ST. LOUIS (AP) - Missouri coach Frank Haith was suspended for five games by the NCAA on Tuesday after it was found that he inadequately monitored his former assistants’ interactions with a disgraced Miami booster and then tried to cover up a five-figure hush money payment to keep potential violations hidden.
The Committee on Infractions report also found that Haith provided inconsistent answers during multiple interviews with investigators, including conflicting accounts of when he reported the shakedown attempt by since-imprisoned felon Nevin Shapiro to Hurricanes athletic director Paul Dee.
In a statement released by Missouri, Haith said he “strongly” disagreed with the report “and the inference on how the program was run at the University of Miami” but won’t appeal the findings. He told reporters in Columbia he plans to donate 18 days’ worth of his salary from his suspension to the Boys and Girls Club of Columbia. His base annual salary is $450,000, though he earns a guaranteed $1.6 million each year.
“I was truthful in my communication with the NCAA,” Haith said. “If I wasn’t truthful, I think I would have been hit with unethical conduct.”

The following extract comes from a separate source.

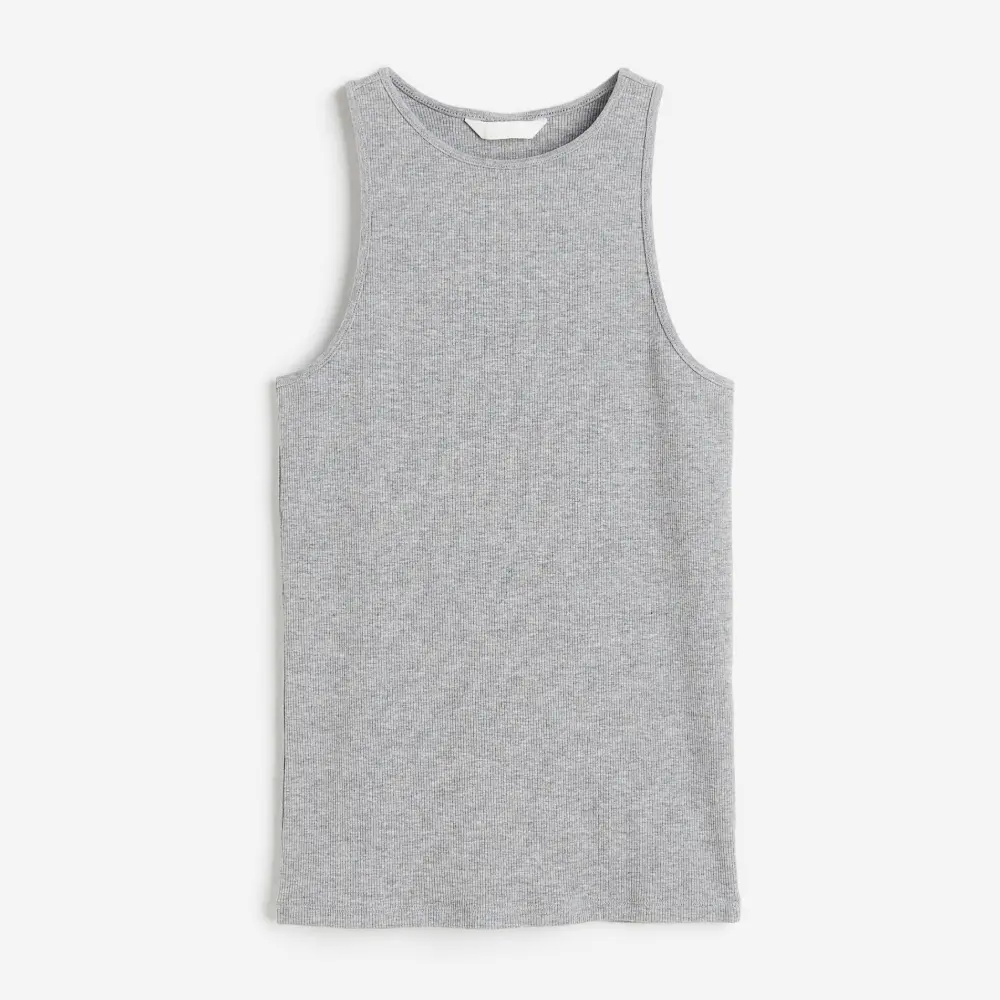 

Топ H&M Ribbed Tank, серый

Instead, the two-year NCAA investigation found that Haith, the former Hurricanes basketball coach, failed to promote an atmosphere of compliance.
Haith and Miami assistant coach Jake Morton provided Shapiro $10,000 after he threatened to expose previous improper contact with high school recruits and amateur coaches, the NCAA said.

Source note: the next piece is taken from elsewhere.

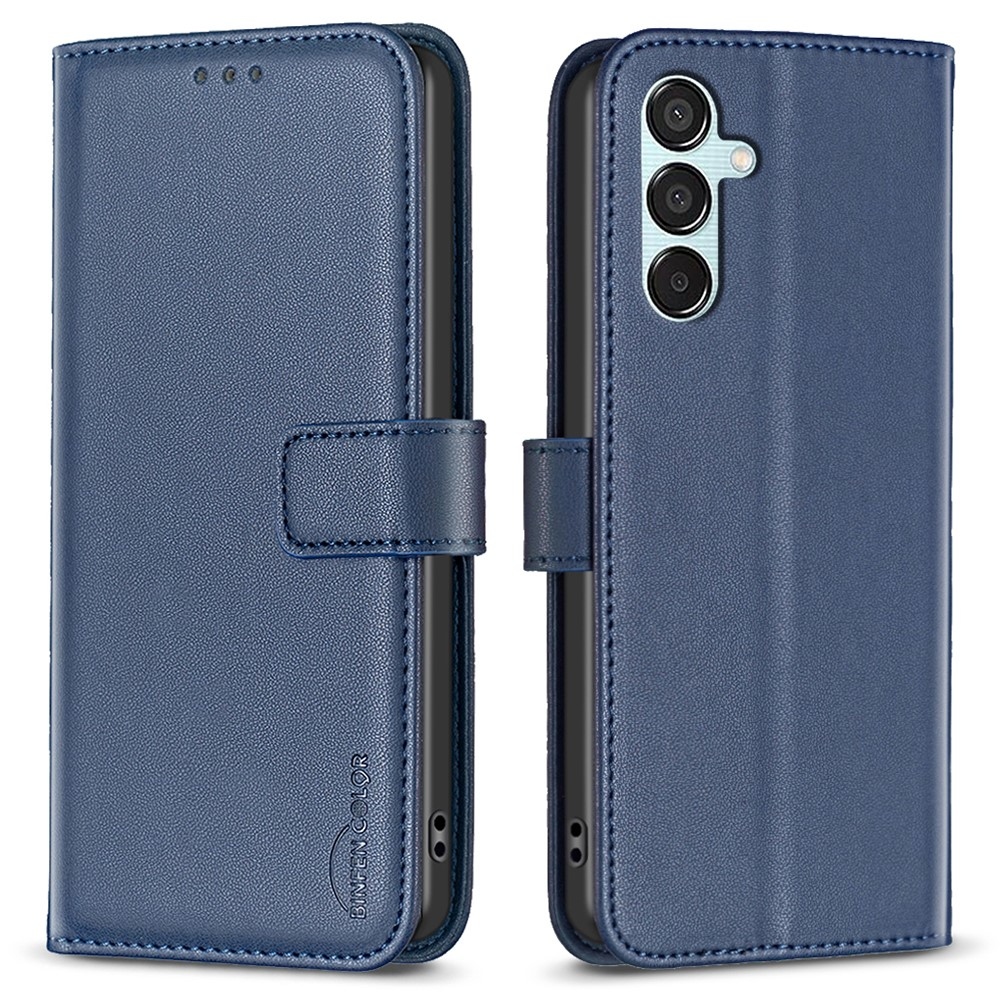 BNF knížkové pouzdro na Samsung Galaxy M15 5G - modré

Shapiro, who is now serving a 20-year prison term for masterminding a $930 million Ponzi scheme, had basketball season tickets with a courtside seat and had donated an estimated $500,000 to Miami. He initially demanded a large loan from Haith after he experienced financial trouble or the return a $50,000 donation from a benefit bowling tournament he had hosted. The coach refused.
Morton, who joined Western Kentucky as an assistant coach in 2011 but resigned in April as its director of basketball operations, then loaned Shapiro at least $6,000, which he later repaid. The NCAA also said that Haith helped Morton and two other assistants pay $10,000 to Shapiro’s mother and “attempted to cover up the booster’s threats to disclose incriminating information.”

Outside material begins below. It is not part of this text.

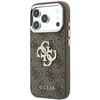 Dėklas Guess 4G & Big Strass Logo do iPhone 18 Pro Max / 17 Pro Max ruda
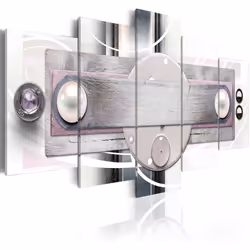 Planete Discount PD8748-200-100, Noir, Gris, Perle, Rose, Panneaux MDF, 2000 mm, 20 mm, 1000 mm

Haith’s statement was accompanied by supportive statements from Chancellor Brady Deaton, the university’s top compliance officer and athletic director Mike Alden, who also joined Haith at a previously scheduled preseason press conference.
“After all this time, Coach Haith, his family, the University of Missouri, our student-athletes and our fans deserve closure,” Alden said. “I’m proud to have Frank Haith as our men’s basketball coach.”
“We’re looking forward to working together for a long time,” added Alden, who hired Haith in 2011 after the former Texas and Wake Forest assistant spent seven years at Miami in his first head coaching job.
The allegations from Haith’s time in Coral Gables surfaced several months after his surprise hire by Alden from a .500 program that had reached the NCAA tournament just once under his watch.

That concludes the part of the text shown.